* _What this task involves_
Beginning at the line containing "A traditional storefront", repeat each line below exactly up to and including the line containing "A black short-sleeve". Do not repeat the pictures.
-------- Available data
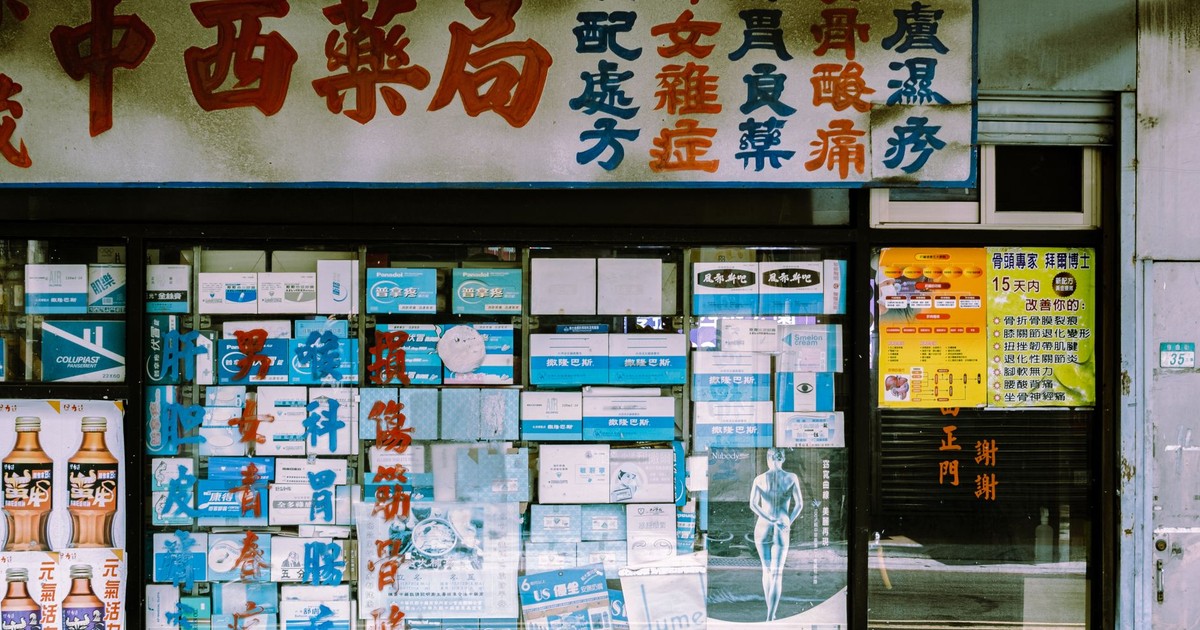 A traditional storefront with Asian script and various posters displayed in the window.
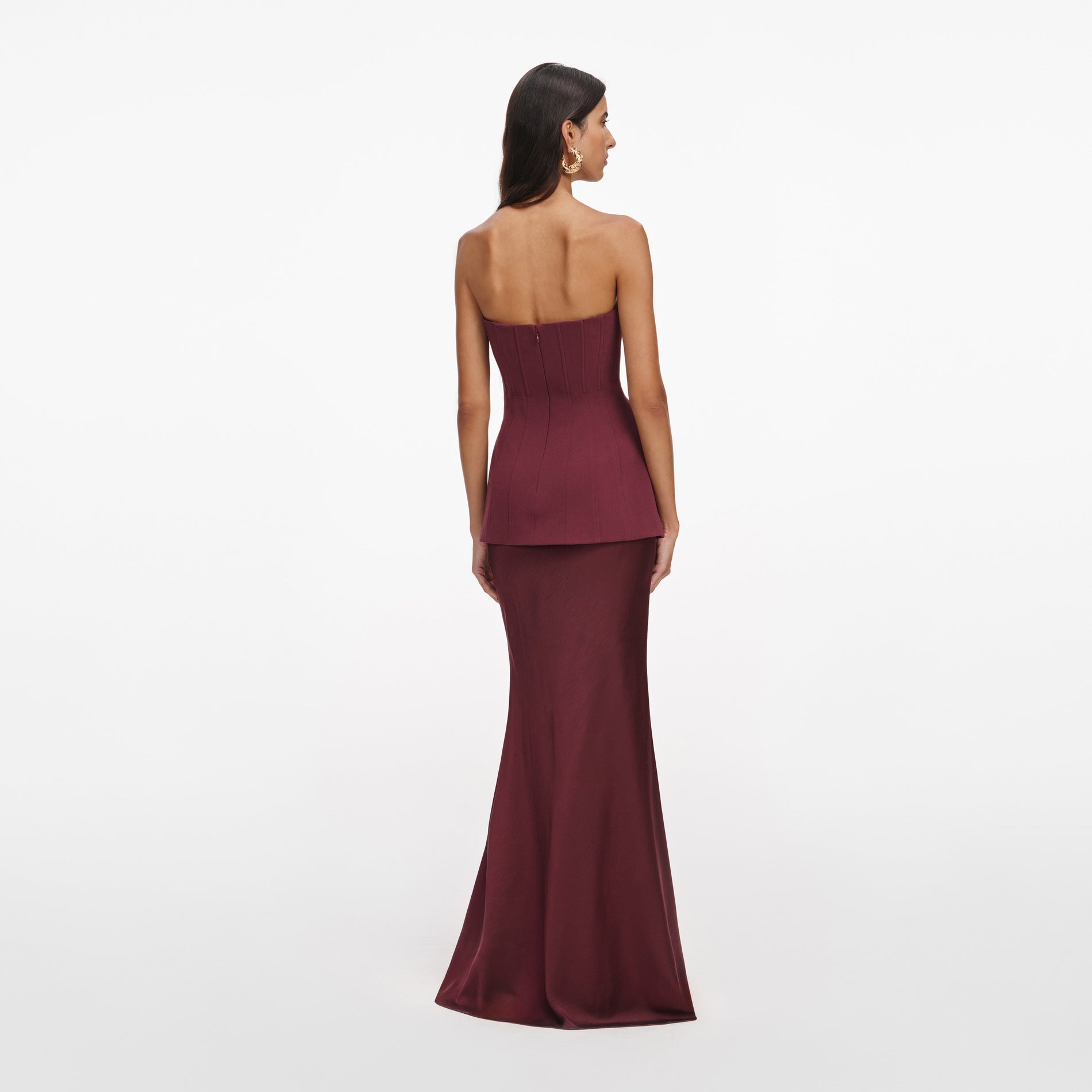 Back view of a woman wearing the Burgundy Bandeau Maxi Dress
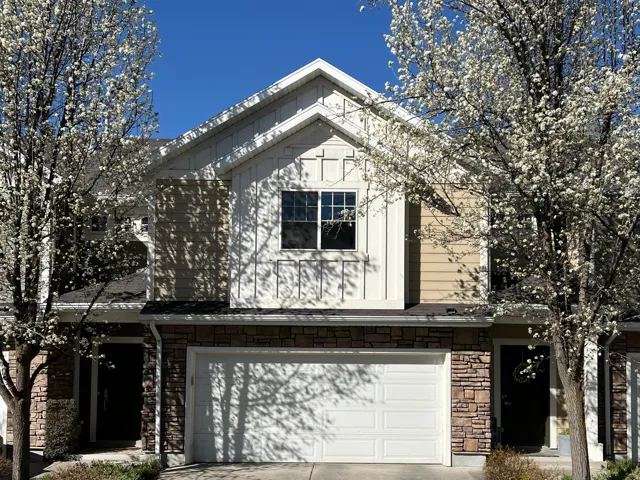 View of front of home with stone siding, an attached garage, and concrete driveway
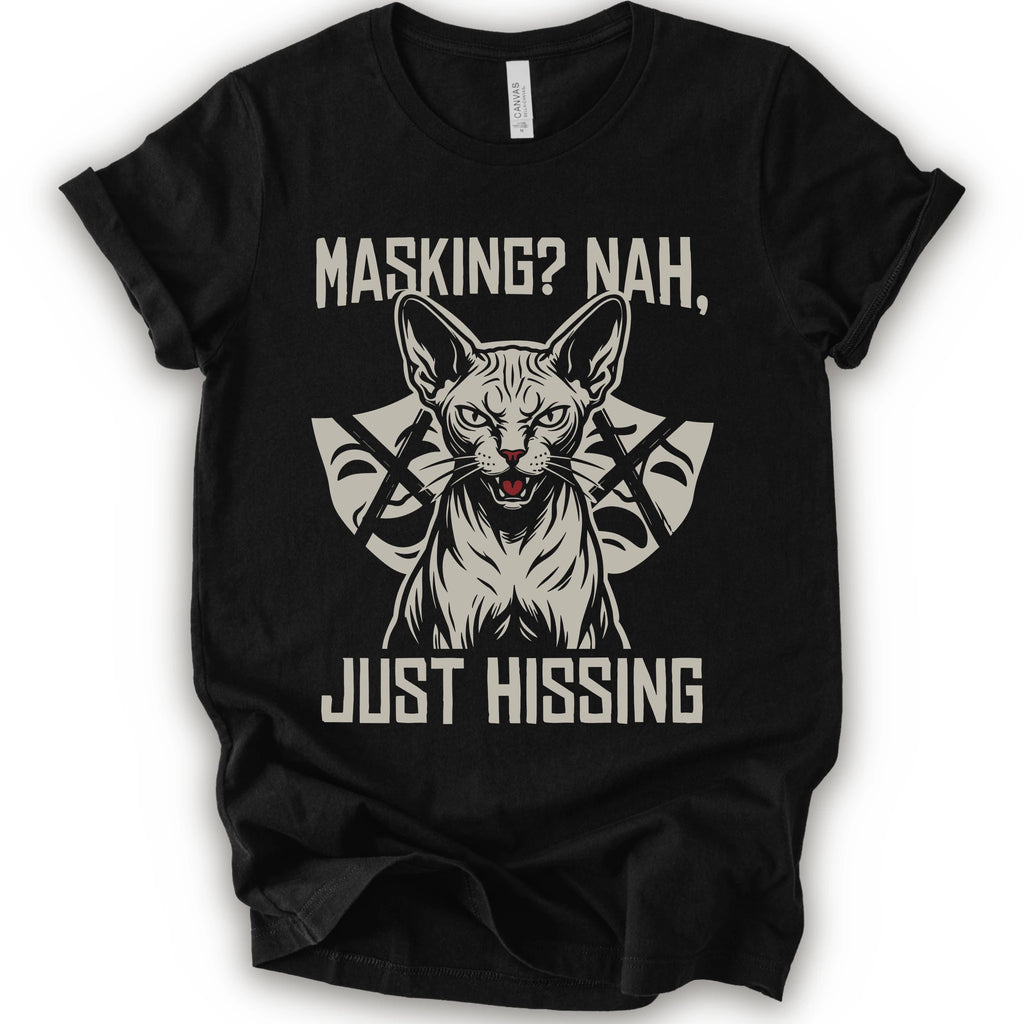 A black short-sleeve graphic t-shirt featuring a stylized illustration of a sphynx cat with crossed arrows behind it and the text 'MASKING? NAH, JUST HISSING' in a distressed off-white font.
----------------
-------- Available data
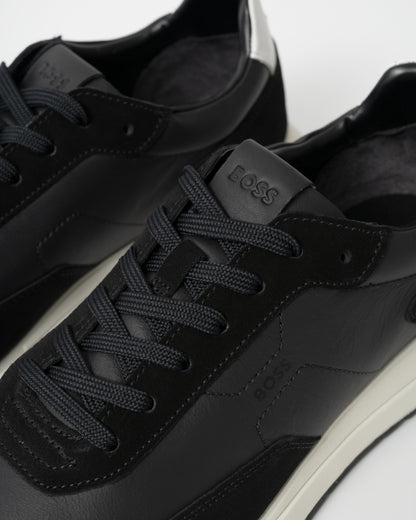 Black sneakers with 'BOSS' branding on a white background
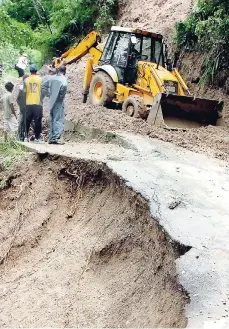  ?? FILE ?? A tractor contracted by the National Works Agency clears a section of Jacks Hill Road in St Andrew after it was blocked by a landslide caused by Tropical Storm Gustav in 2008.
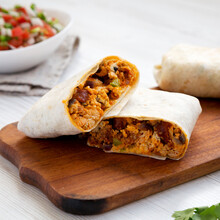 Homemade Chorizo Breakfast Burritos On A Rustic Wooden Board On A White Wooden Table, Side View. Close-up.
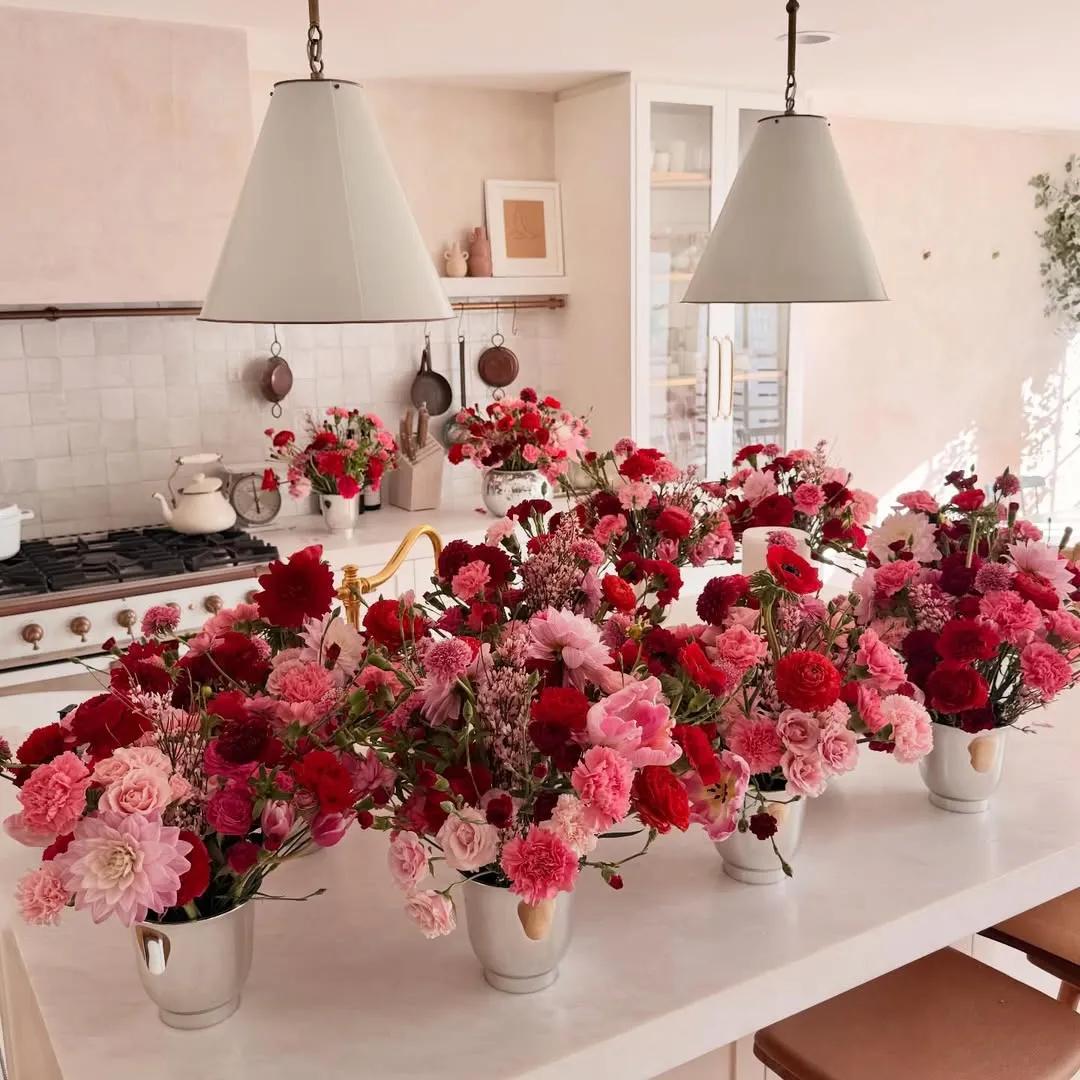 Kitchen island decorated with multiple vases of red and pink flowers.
----------------
* _Expected answer_
 A traditional storefront with Asian script and various posters displayed in the window.
 Back view of a woman wearing the Burgundy Bandeau Maxi Dress
 View of front of home with stone siding, an attached garage, and concrete driveway
 A black short-sleeve graphic t-shirt featuring a stylized illustration of a sphynx cat with crossed arrows behind it and the text 'MASKING? NAH, JUST HISSING' in a distressed off-white font.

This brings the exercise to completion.